Ainda na compreensão do caráter jurídico dos fenômenos religiosos, pode-se citar
as pesquisas de Marcel Mauss, que compreendia que a juridicidade da organização social tem a sua origem na ideia da obrigação da retribuição de dádivas. Na concepção de Mauss, haveria uma força mística permeando as sociedades arcaicas, denominada mana, a qual seria representada por um emblema (totem). Assim, quando uma dádiva é oferecida a alguém, e não retribuída, há a possibilidade daquele que doou usurpar a mana do donatário que não retribuiu. Logo, a obrigação é de cunho jurídico-religioso, e o ato de doação não tem necessariamente ligação moral, altruística, mas parece estar mais ligado a ideia de proveito, interesse.
O que se encontra em Georges Gurvich é a mobilização de conceitos como
“magia” e “religião”. A magia seria o esforço de projetar uma onipotência para explicar o mundo, é uma forma ancestral de ciência. Porém, Gurvich demonstra como, para a manutenção do poder, do nomos, a magia por si só não é capaz de assumir a lida, entrando em cena a ordem religiosa, como elemento que liga a sociedade, e que marca o direito social. Assim, na medida em que a religião consiste no esforço do homem em transcender seu limite biológico e dar significado humano à natureza, tem-se que ela nasce em conjunto com o fenômeno jurídico, eminentemente ordenador do mundo à semelhança do homem.
Finalmente, a monografia “A César o que é de Deus: magia, mito e sacralidade do
direito” de Rafael Prince Carneiro, aborda os aspectos religiosos do direito. Primeiramente, o autor destaca as relações entre magia e direito, identificando nas sociedades arcaicas uma lógica pré-científica, uma fez que a magia nesses contextos serviria para estabelecer relações de causa e efeito na busca de transformar a realidade. Porém, a premissa de que o homem primitivo não tinha domínio racional e técnico da natureza é rejeitada pelo antropólogo polonês Malinowski.
É preciso destacar, também, um elemento central na magia, que é a palavra. A
língua aqui é concebida como “expressão realizativa”, ou seja, faz-se coisas com palavras. O Direito está cheio dessas expressões, a expressão de fórmulas jurídicas vai além da comunicação, trata-se de uma ação propriamente, e que obedece um ritual específico. Está presente também na lógica jurídica essa distinção do possuidor da linguagem específica, da mesma maneira que nos rituais mágicos a linguagem ritual se distancia da linguagem profana.

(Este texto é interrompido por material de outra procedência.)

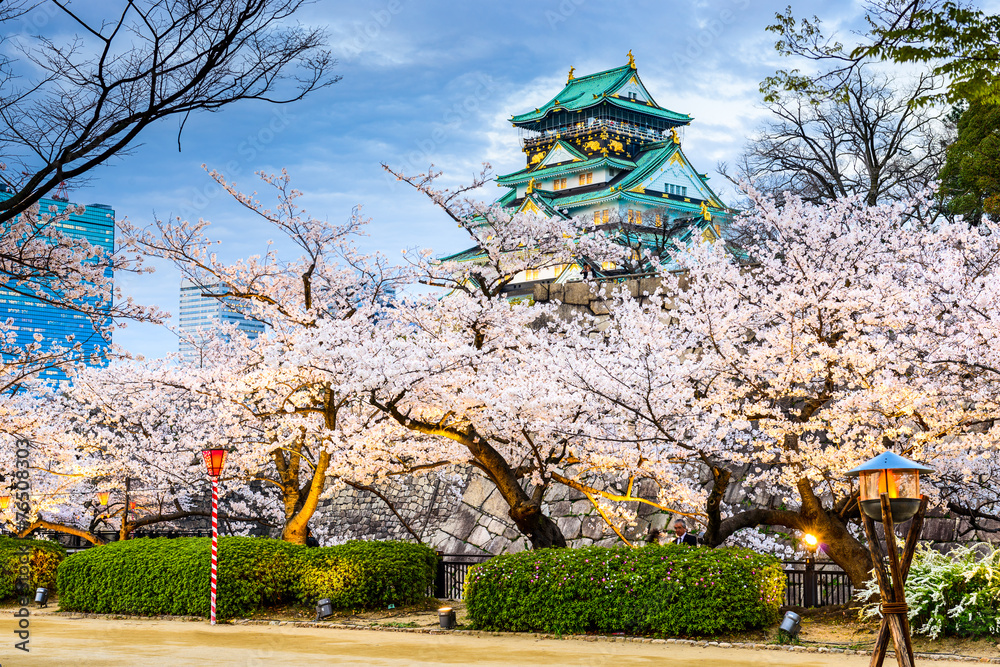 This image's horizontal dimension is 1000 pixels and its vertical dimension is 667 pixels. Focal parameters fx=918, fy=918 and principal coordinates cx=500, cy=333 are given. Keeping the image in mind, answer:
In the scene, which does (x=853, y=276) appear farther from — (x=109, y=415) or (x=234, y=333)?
(x=109, y=415)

O autor da monografia demonstra como essa concepção da imbricação mágica no
direito foi criticada no século XX pela corrente do realismo jurídico. Dentro dessa concepção, pode-se citar o esforço anterior de Rousseau em conceber uma “religião civil” instituída pelo Estado e que tenha como dogma a santidade do contrato e das leis. Nesse contexto, Duncan Kennedy propôs um “ateísmo constitucional”, denunciando a irracionalidade da divinização da constituição.